■ Provided entries
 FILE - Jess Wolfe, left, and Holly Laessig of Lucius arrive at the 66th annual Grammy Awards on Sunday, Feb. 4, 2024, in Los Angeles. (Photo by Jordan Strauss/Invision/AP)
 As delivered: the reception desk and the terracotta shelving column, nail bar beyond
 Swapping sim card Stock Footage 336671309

---

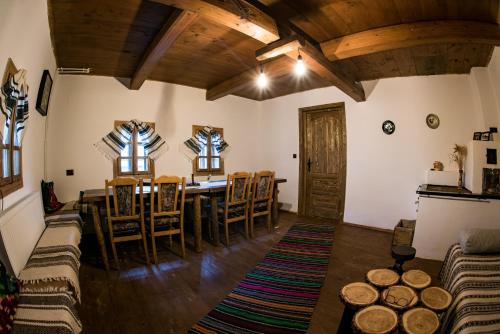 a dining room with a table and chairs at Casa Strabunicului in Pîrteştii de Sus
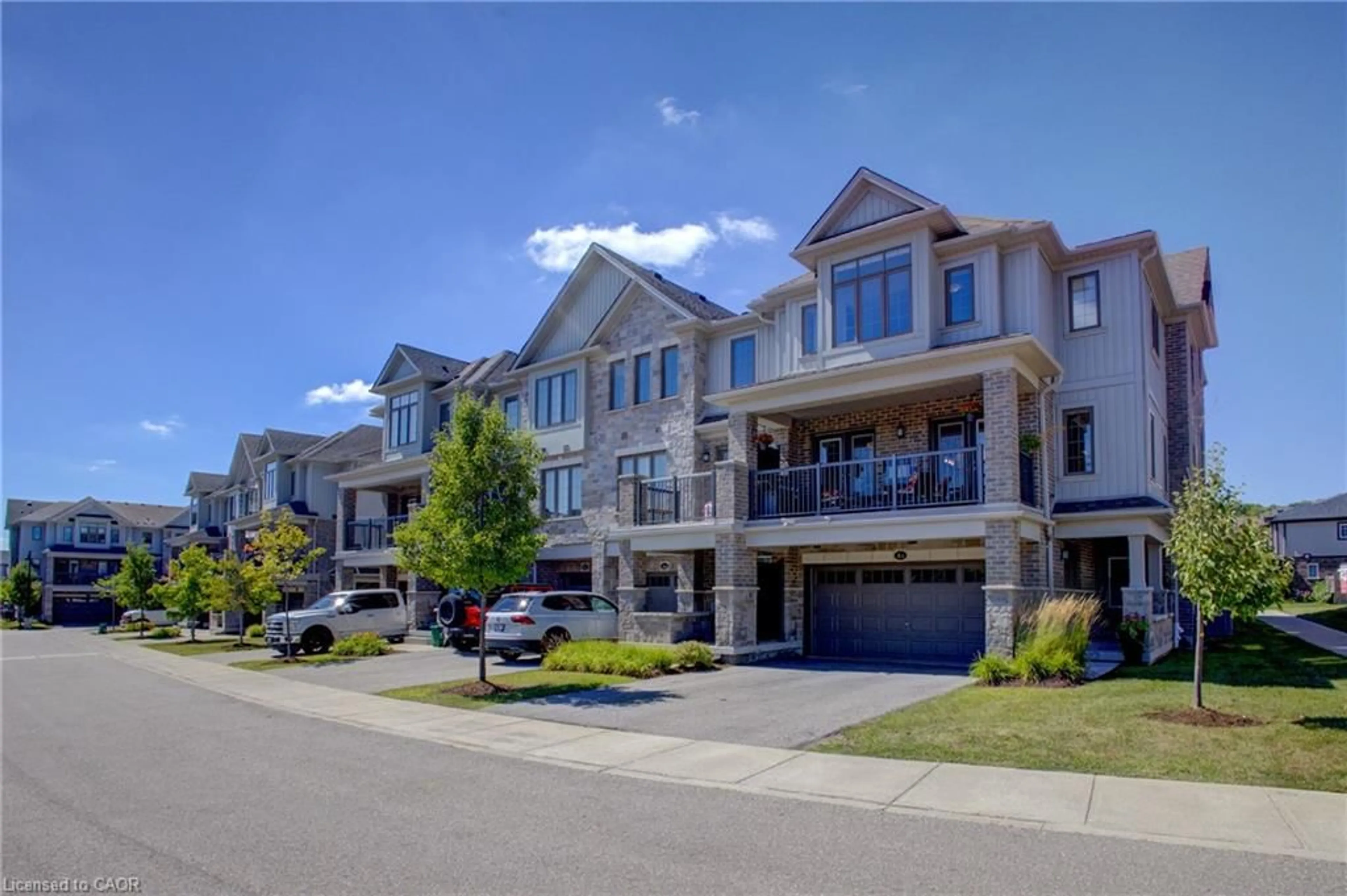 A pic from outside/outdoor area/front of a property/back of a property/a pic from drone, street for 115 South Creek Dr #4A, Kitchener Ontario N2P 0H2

==

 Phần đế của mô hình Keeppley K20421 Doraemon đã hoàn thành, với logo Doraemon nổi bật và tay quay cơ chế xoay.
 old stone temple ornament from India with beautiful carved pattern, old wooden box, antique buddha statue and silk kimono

■ To do
Set down, exactly as they stand above, the lines starting with the line with "FILE - Jess" and going on through the line with "Swapping sim card Stock Footage 336671309", and no others.

■ Task answer
 FILE - Jess Wolfe, left, and Holly Laessig of Lucius arrive at the 66th annual Grammy Awards on Sunday, Feb. 4, 2024, in Los Angeles. (Photo by Jordan Strauss/Invision/AP)
 As delivered: the reception desk and the terracotta shelving column, nail bar beyond
 Swapping sim card Stock Footage 336671309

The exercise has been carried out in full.